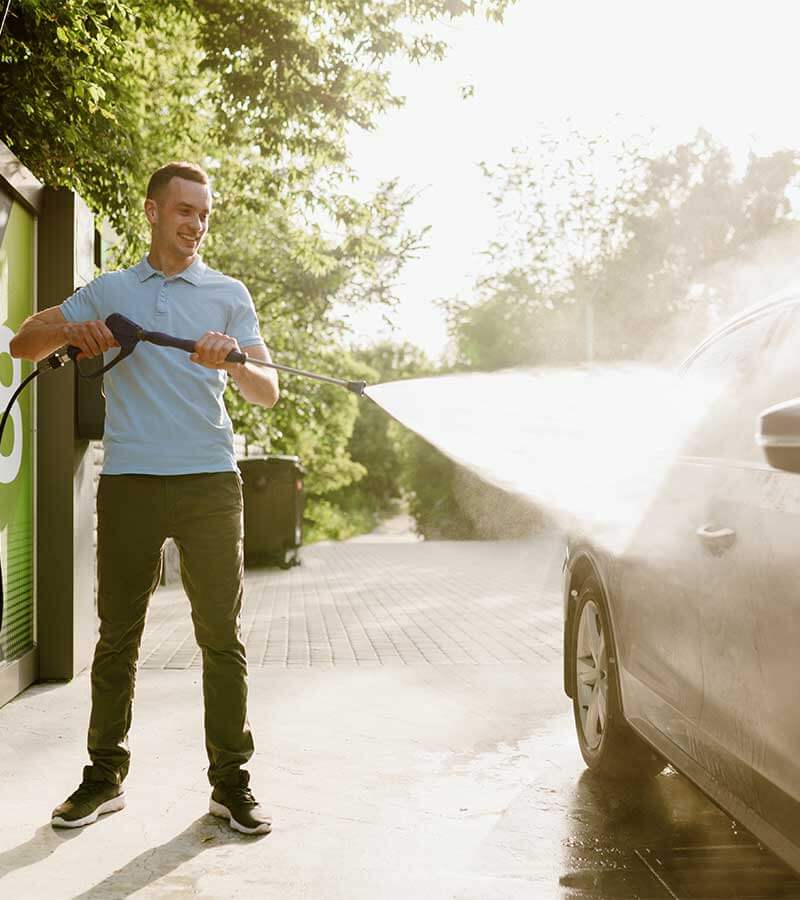 barbat-spala-masina-la-spalatorie-self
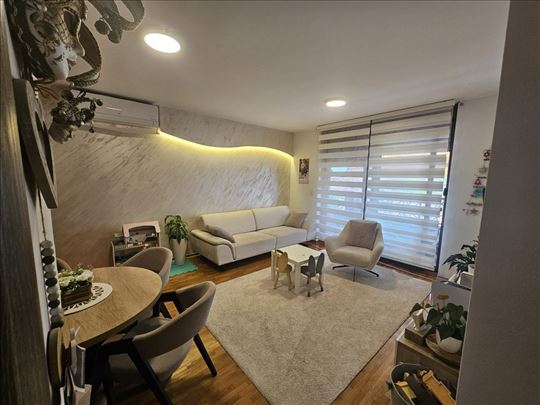 Prodajemo namešten 4.0 stan, Zemun, 75m2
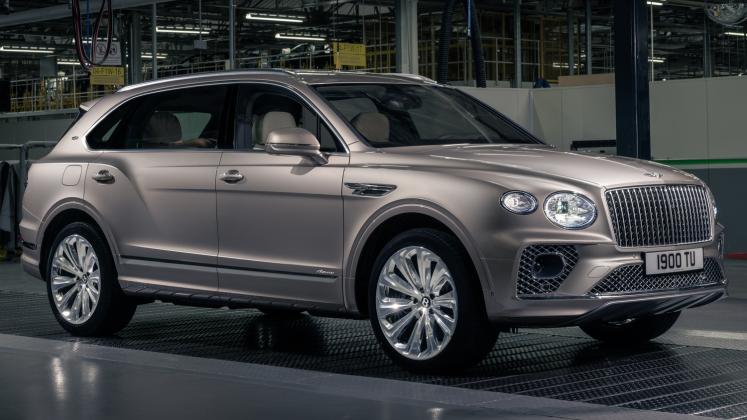 New-2022-Bentley-Bentayga-EWB-Azure-First-Edition_1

**********

» REQUIRED ACTION:
Transcribe all of the listing precisely. The images stay out of it.

» SOLUTION FOR THIS TASK:
 barbat-spala-masina-la-spalatorie-self
 Prodajemo namešten 4.0 stan, Zemun, 75m2
 New-2022-Bentley-Bentayga-EWB-Azure-First-Edition_1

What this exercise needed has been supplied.